Ni yo mismo sé a cuento de qué me viene al recuerdo aquella película cómica protagonizada por el inefable Fernando Fernán Gómez, basada en una novela homónima de Wenceslao Fernández Flores. Por buscar una relación coherente y de actualidad, tal vez encaje con lo sucedido al dimitido Pedro Sánchez.
El argumento de la película está basado en un hombre corriente de naturaleza bondadosa, pero que por ciertas adversidades un buen día toma la decisión de cambiar su postura ante la vida. Cree que el origen de sus desgracias reside en haberse comportado siempre con honradez y anuncia su intención de volverse un hombre malévolo. A partir de ahí la analogía entre Carabel y Pedro Sánchez gana en parecidos fruto de las aspiraciones y ambiciones que cada uno persigue, -léase duelos y quebrantos-, pero cuyos resultados, no obstante, no sirven para despejar el camino a ninguno de los dos. En el caso de Pedro Sánchez hubiera sido el hacerse con las ansiadas llaves de la Moncloa, mientras que Carabel pretende con ahínco una caja fuerte que si bien la consigue le resulta imposible abrirla.
Carabel intenta por diferentes medios hipnotizar a quienes poseen las llaves de la caja, pero ni por esas; su técnica no es del todo brillante y fracasa esta nueva maniobra. En el caso del secretario general del PSOE algo parecido ha tenido lugar dentro y fuera de su partido, de tal manera que su táctica de hipnosis tampoco le ha dado el fruto necesario. Felipe González, hombre despierto y lúcido, astuto estadista de la otrora buena democracia, supo no caer en el hechizo profundo cuando resultó engañado por Pedro que le negó tres veces con la mentira esa de la abstención para dejar gobernar a Rajoy.
A partir de ahí el vislumbre de posibles acuerdos con formaciones del llamado frente popular era casi un secreto tan disfrazado como el lobo de Caperucita y claro, la sede de Ferraz se convirtió en una réplica del Álamo para Pedro Sánchez, pero resultó que en esta ocasión el enemigo crítico ya estaba dentro del fuerte y a pesar de su “No es No”, pero esta vez aplicado sobre sí mismo, no tuvo ni tiempo para caer con las botas puestas.

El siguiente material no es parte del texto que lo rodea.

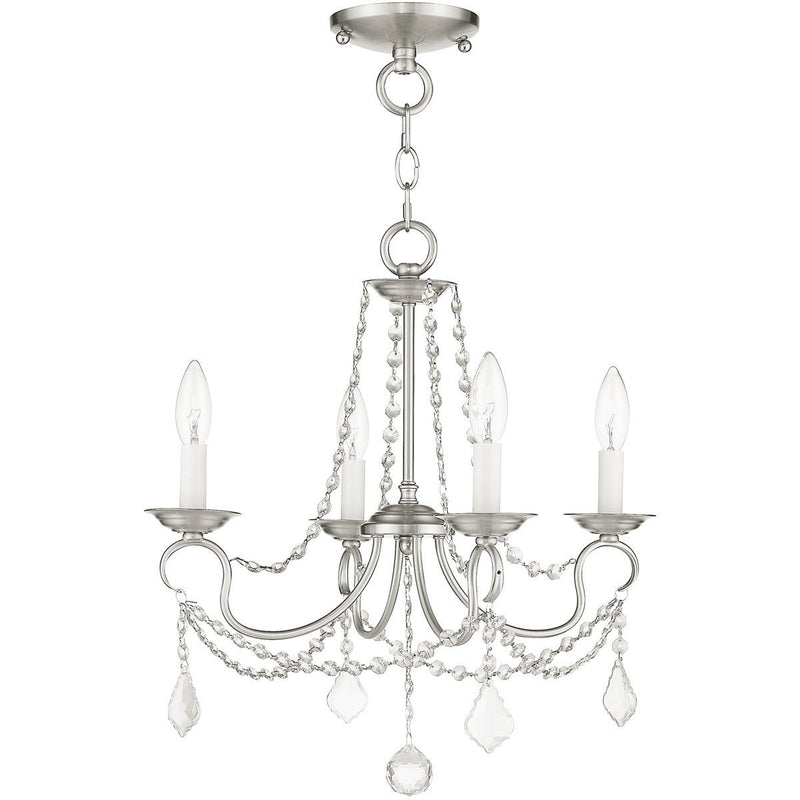 17" Four Light Metal Dimmable Chandelier With Shades - Nickel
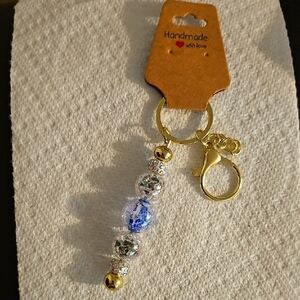 Gold and Blue Beaded Purse Keyfinder Keychain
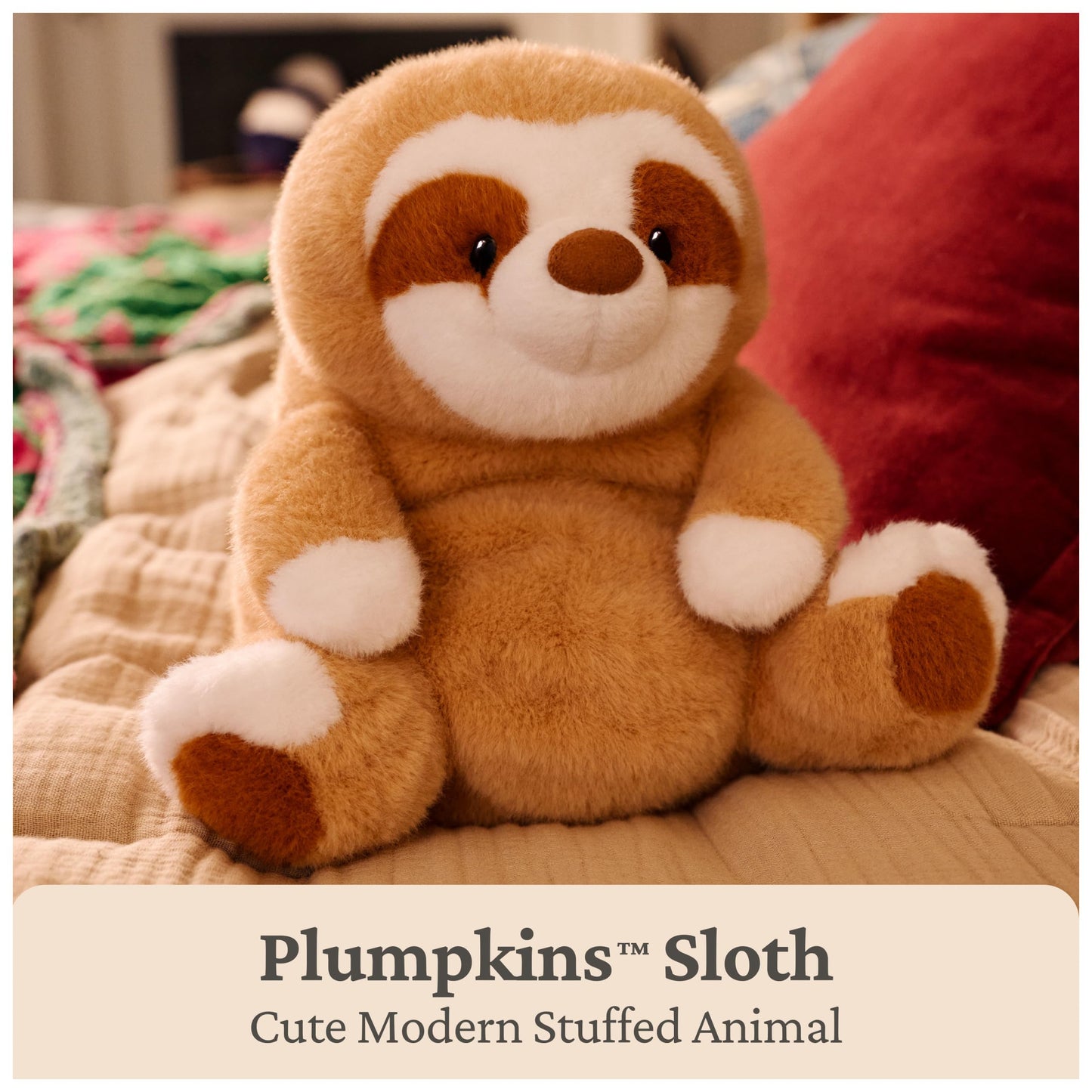 GUND Plumpkins Sloth 8-Inch Premium Weighted Bottom Stuffed Animal Plush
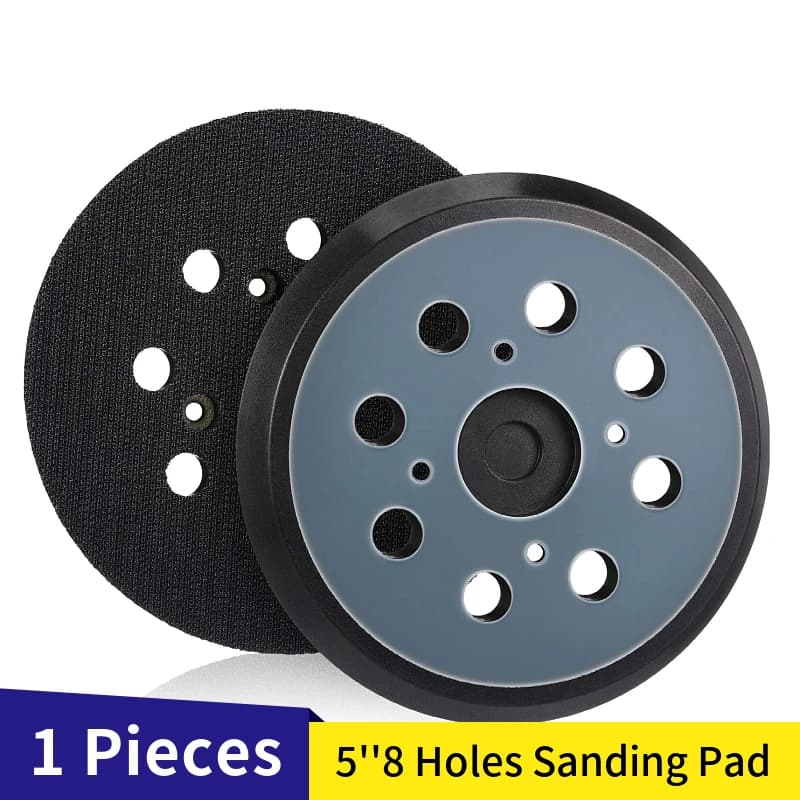Tampons de ponçage de remplacement de 5 pouces, 8 trous, tampons de ponceuse universels à crochet et boucle de 5 pouces, plaques de support orbitales pour Ryobi 030157001018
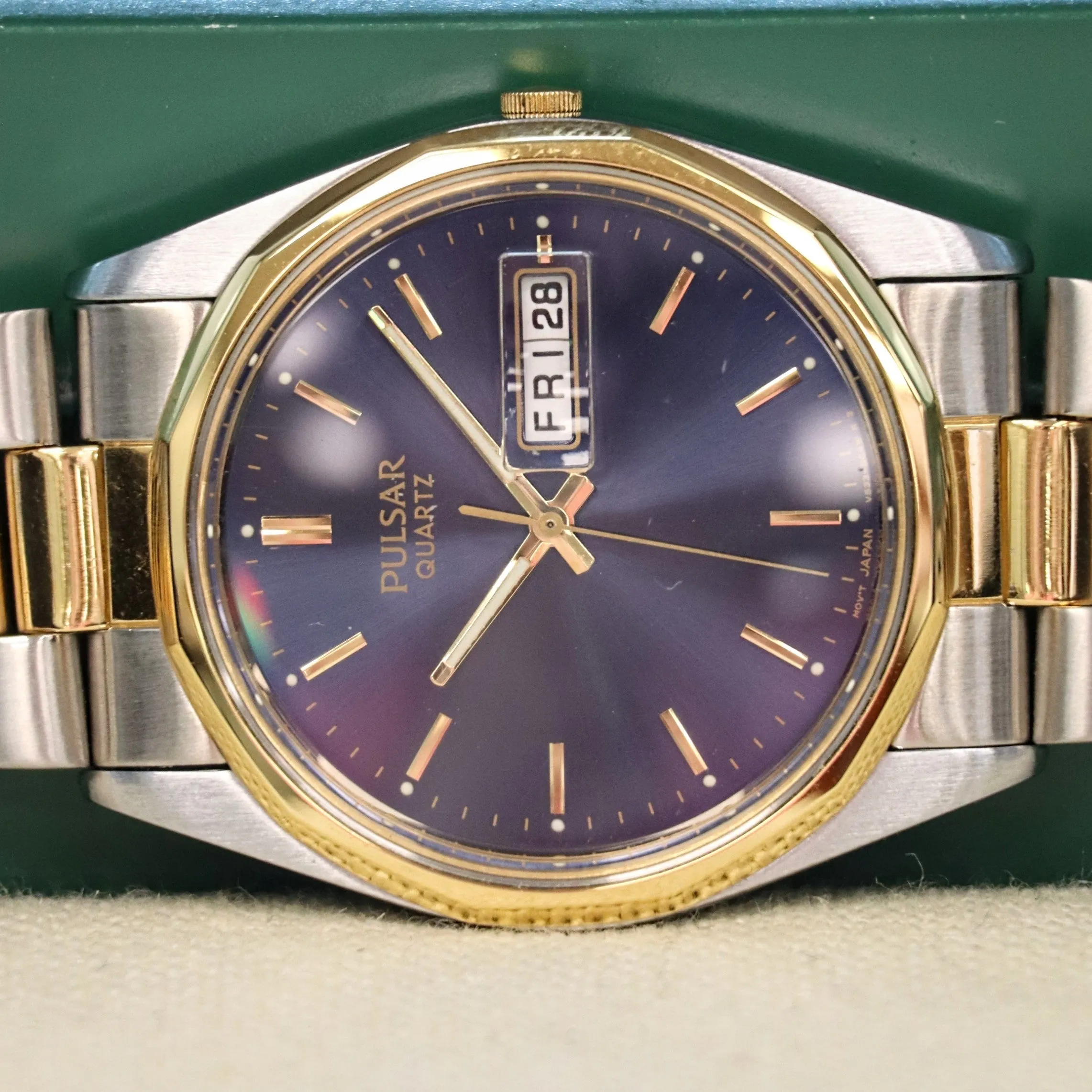 NOS PULSAR Quartz Watch Ref. PPX108 Day/Date Two-Tone Case & Bracelet Wristwatch Box & Papers!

Simplemente dimitió y se rindió en compañía de todos los suyos.
El final para Carabel resulta más placentero y de película, claro está, o sea, consigue un trabajo honrado, con un sueldo a final de mes, se casa con su prometida y abandona definitivamente cualquier pretensión malévola. Y aquí acaba la historia a base de comer perdices para uno y sin Moncloa para otro, pero es lo que tiene la magia del celuloide, que no siempre el final es del agrado de todo el mundo.